20.8.11

Caril entre Campas

Diferentes culturas lidam com a Morte - e os locais de Morte - de diferentes formas.
Recentemente, o documentário A Cidade dos Mortos de Sérgio Tréfaut mostrou-nos como na cidade do Cairo, no século XXI, ainda existem pessoas que vivem em cemitérios, entre os mortos, dentro dos mausoléus dos seus antepassados ou em espaços alugados.

Mesmo na Europa, durante a Idade Média - quando os cemitérios eram as igrejas e, na extensão das inumações ad sanctos, os seus átrios e pátios exteriores - havia gente a viver nesses espaços de Morte, uma vez que os cemitérios tinham também o papel de santuário, ou seja de local de protecção para todas as pessoas que ali estivessem. Principalmente em alturas turbulentas, de guerras e saques, os pátios da igrejas eram ocupados por populares que construiam pequenas barracas para dormir, ou se encostavam nas arcadas onde era guardados os ossos (charniér) e capelas mortuárias junto às paredes das igrejas.
Para além de servirem de santuário, os cemitérios eram também o local de reunião das comunidades e o local de eleição para o comércio: a banca dos livreiros e dos linhos cruzava-se com a banca do pão, bem ao lado da vala comum, aberta e temporariamente coberta por umas tábuas, até atingir a lotação completa (podiam servir para quinhentos ou mil e quinhentos corpos, dependendo do tipo de vala) e ser fechada.
E a vida continuava, naturalmente, estando a Morte - e os mortos - bem mais presentes no dia-a-dia dos vivos do que se poderá pensar hoje, quando a escondemos e fingimos que ela não existe.

Próximos dessa realidade estão os clientes do restaurante New Lucky em Ahmedabad, na Índia.
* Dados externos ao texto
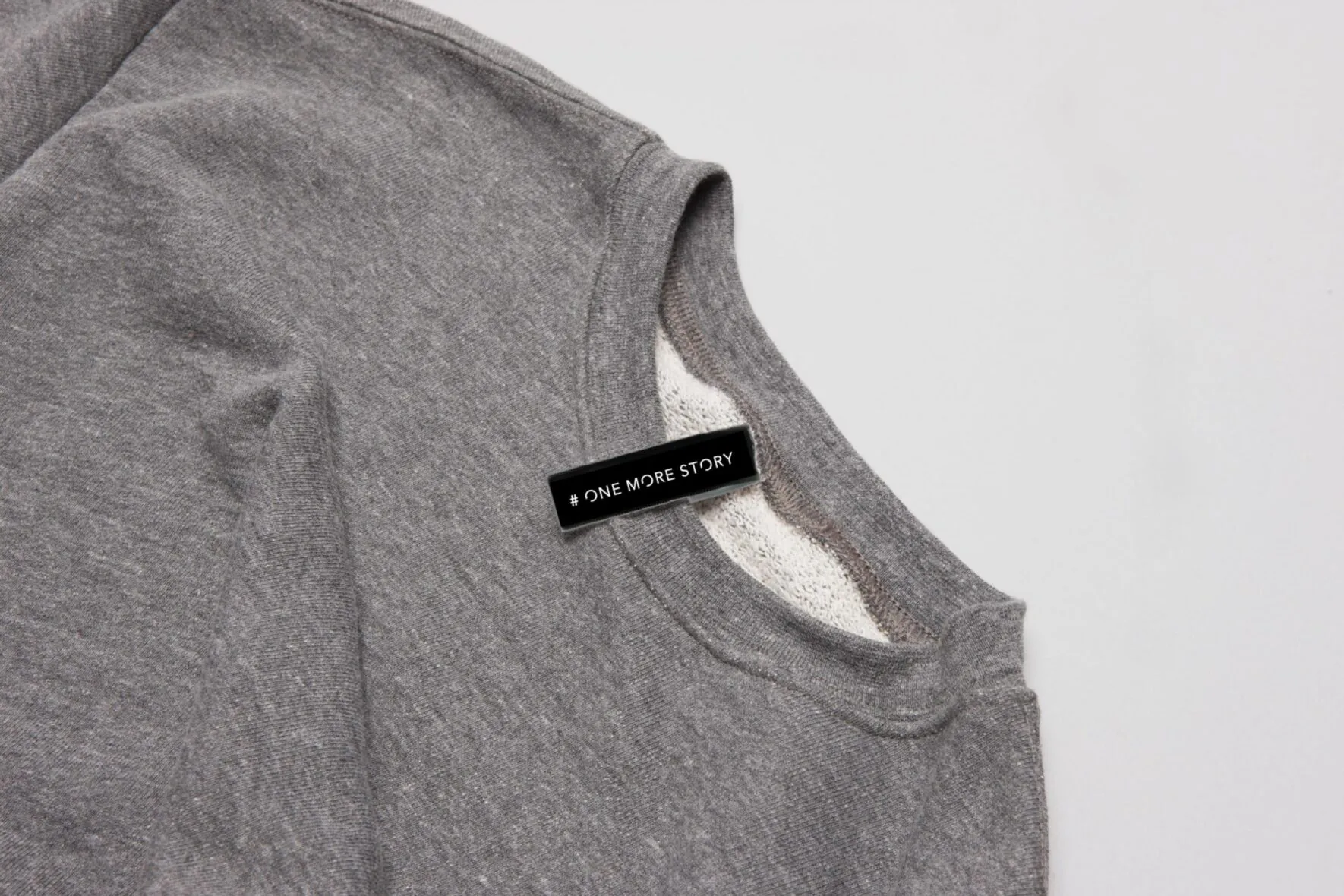 Branding-OneMoreStory-Fashion-Label-Logo-Design_Weblabel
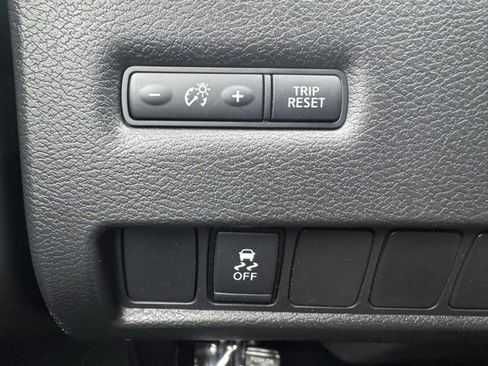 Used 2020 Nissan Murano S image 17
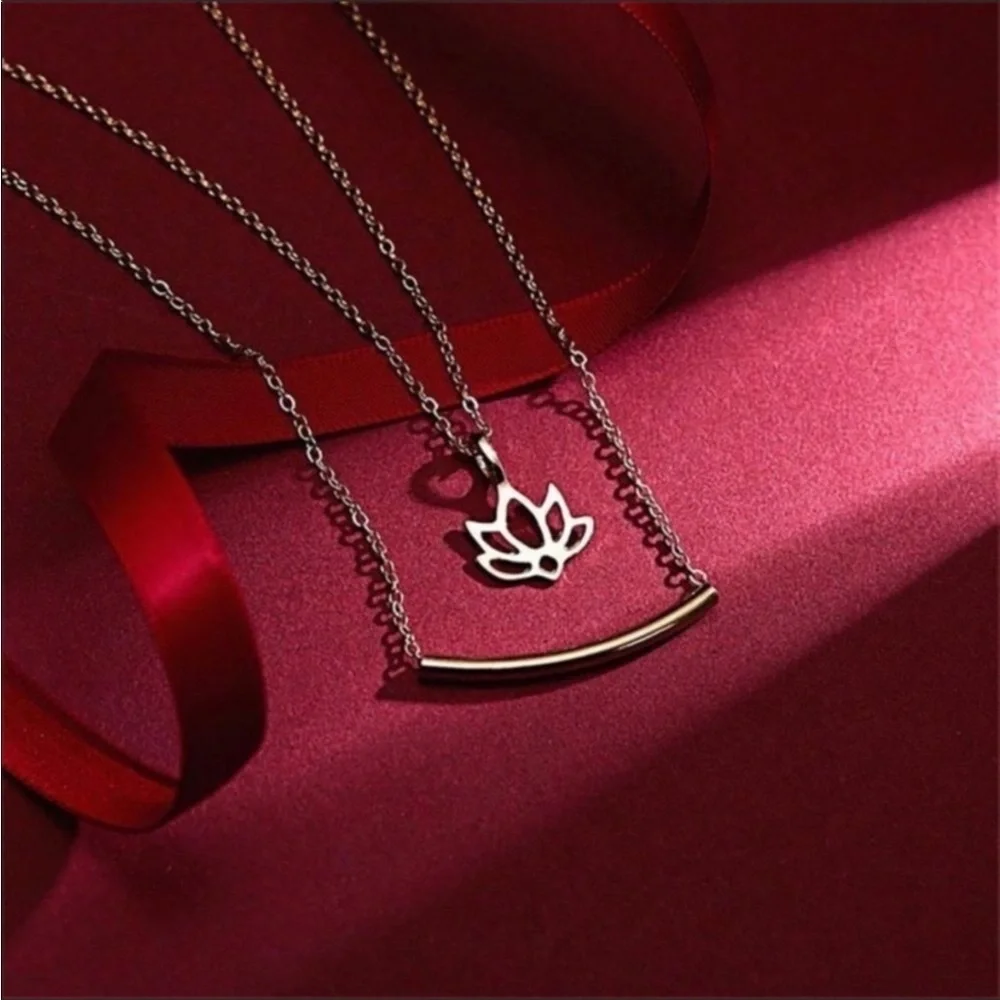 Gold lotus necklace - Picture 7 of 8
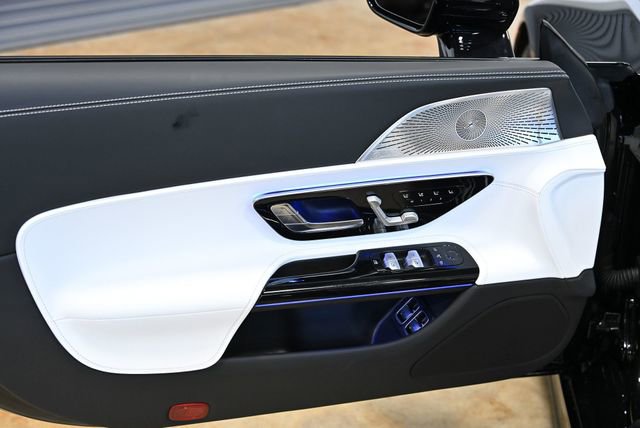 Used 2026 Mercedes-Benz SL 63 AMG S e Performance 4MATIC image 35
As especialidades do New Lucky são: o chá com leite, os butter rolls e as campas.
Aquilo que começou por ser uma muito bem sucedida e simples barraquinha de chá, montada junto a um antigo cemitério muçulmano, rapidamente se transformou num simples e bem sucedido restaurante.
Com amplo menu vegetariano (servem cerca de noventa pratos diferentes), o New Lucky parece ser um favorito junto de locais e de turistas.
Krsihan Kutti Nair é do dono deste restaurante que tem já cerca de quarenta anos. É ele quem, todas as manhãs, limpa as campas verdes com um pano húmido e as decora com flores secas.
Não sabe de quem são os restos mortais que tem enterrados, literalmente, no meio do restaurante, mas dizem-lhe que se trata de familiares de um Sufi do século XVI, cuja campa também estará por perto.
A verdade é que Krsihan Kutti Nair considera que a presença destas campas, que levam os empregados a saltitar para chegar às mesas e servir os clientes, é boa para o negócio e, de facto, o caso parece ser esse, uma vez que as mesas do New Lucky estão sempre cheias.

Paragem obrigatória para os tafófilos em vista a Ahmedabad, Índia.